• YOUR TASK: Below are some records. Return exactly the lines from the one with "Aguila Mora, Geranoteus" to the one with "Close-up oddziałów z żółtymi liśćmi", and nothing else.

Short descriptive text snippets:
+ + + +
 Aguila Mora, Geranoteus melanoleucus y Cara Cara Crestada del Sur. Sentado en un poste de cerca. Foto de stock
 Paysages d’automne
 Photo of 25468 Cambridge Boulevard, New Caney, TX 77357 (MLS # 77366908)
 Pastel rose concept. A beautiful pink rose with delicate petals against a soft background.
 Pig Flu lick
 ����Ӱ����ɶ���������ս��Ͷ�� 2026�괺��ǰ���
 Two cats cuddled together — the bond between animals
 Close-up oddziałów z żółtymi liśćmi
+ + + +
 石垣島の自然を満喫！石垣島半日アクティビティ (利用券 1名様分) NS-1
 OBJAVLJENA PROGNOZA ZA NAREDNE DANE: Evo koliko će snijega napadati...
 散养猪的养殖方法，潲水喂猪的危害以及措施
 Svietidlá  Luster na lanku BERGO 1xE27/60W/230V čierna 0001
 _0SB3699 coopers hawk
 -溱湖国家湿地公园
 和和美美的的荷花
+ + + +
• ANSWER TO THIS TASK:
 Aguila Mora, Geranoteus melanoleucus y Cara Cara Crestada del Sur. Sentado en un poste de cerca. Foto de stock
 Paysages d’automne
 Photo of 25468 Cambridge Boulevard, New Caney, TX 77357 (MLS # 77366908)
 Pastel rose concept. A beautiful pink rose with delicate petals against a soft background.
 Pig Flu lick
 ����Ӱ����ɶ���������ս��Ͷ�� 2026�괺��ǰ���
 Two cats cuddled together — the bond between animals
 Close-up oddziałów z żółtymi liśćmi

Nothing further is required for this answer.